[Short web captions]
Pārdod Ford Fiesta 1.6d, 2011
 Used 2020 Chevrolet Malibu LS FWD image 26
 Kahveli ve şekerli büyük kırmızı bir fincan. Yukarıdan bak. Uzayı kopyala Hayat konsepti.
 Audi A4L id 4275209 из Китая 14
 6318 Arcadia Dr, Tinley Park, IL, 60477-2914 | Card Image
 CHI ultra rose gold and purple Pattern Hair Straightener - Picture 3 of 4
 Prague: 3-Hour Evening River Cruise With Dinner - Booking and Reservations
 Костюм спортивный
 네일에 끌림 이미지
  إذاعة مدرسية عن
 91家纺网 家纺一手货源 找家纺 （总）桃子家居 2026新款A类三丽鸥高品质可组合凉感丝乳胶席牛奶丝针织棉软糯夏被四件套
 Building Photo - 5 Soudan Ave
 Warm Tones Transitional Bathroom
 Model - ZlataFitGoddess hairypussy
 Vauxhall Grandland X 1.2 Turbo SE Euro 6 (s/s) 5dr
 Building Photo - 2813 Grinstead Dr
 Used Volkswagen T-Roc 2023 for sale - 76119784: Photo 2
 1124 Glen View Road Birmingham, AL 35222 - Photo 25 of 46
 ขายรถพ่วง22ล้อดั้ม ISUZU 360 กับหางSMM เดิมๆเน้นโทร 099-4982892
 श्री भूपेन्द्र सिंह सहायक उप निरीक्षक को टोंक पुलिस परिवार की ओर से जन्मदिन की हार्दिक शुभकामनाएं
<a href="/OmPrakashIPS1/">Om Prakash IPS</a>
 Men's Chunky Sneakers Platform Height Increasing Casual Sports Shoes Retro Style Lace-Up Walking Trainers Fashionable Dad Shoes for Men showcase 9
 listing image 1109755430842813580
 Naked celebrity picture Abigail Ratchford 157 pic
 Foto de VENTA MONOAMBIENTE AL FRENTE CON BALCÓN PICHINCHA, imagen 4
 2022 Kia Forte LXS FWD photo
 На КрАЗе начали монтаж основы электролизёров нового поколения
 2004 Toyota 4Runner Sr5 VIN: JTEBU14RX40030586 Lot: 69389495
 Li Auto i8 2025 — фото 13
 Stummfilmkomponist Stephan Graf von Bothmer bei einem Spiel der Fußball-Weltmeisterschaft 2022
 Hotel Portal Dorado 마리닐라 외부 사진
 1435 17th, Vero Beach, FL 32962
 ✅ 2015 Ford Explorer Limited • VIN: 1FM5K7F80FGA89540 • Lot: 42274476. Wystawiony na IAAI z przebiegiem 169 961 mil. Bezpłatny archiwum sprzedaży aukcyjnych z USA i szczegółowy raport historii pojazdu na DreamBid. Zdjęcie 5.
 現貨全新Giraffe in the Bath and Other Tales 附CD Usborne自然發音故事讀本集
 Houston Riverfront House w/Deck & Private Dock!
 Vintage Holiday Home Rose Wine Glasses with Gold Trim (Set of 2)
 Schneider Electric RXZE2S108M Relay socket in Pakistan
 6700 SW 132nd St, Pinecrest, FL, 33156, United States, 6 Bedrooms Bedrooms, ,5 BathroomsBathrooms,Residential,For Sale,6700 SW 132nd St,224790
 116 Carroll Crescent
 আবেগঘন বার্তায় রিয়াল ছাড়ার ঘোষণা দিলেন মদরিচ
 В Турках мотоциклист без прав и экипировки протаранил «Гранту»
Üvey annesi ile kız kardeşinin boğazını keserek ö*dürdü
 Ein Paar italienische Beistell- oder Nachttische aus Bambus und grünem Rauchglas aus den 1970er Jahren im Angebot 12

* Exercise: Reproduce the entries above exactly, but only the lines between the line holding "91家纺网 家纺一手货源 找家纺" and the line holding "श्री भूपेन्द्र सिंह", inclusive.

* Result for this task:
 91家纺网 家纺一手货源 找家纺 （总）桃子家居 2026新款A类三丽鸥高品质可组合凉感丝乳胶席牛奶丝针织棉软糯夏被四件套
 Building Photo - 5 Soudan Ave
 Warm Tones Transitional Bathroom
 Model - ZlataFitGoddess hairypussy
 Vauxhall Grandland X 1.2 Turbo SE Euro 6 (s/s) 5dr
 Building Photo - 2813 Grinstead Dr
 Used Volkswagen T-Roc 2023 for sale - 76119784: Photo 2
 1124 Glen View Road Birmingham, AL 35222 - Photo 25 of 46
 ขายรถพ่วง22ล้อดั้ม ISUZU 360 กับหางSMM เดิมๆเน้นโทร 099-4982892
 श्री भूपेन्द्र सिंह सहायक उप निरीक्षक को टोंक पुलिस परिवार की ओर से जन्मदिन की हार्दिक शुभकामनाएं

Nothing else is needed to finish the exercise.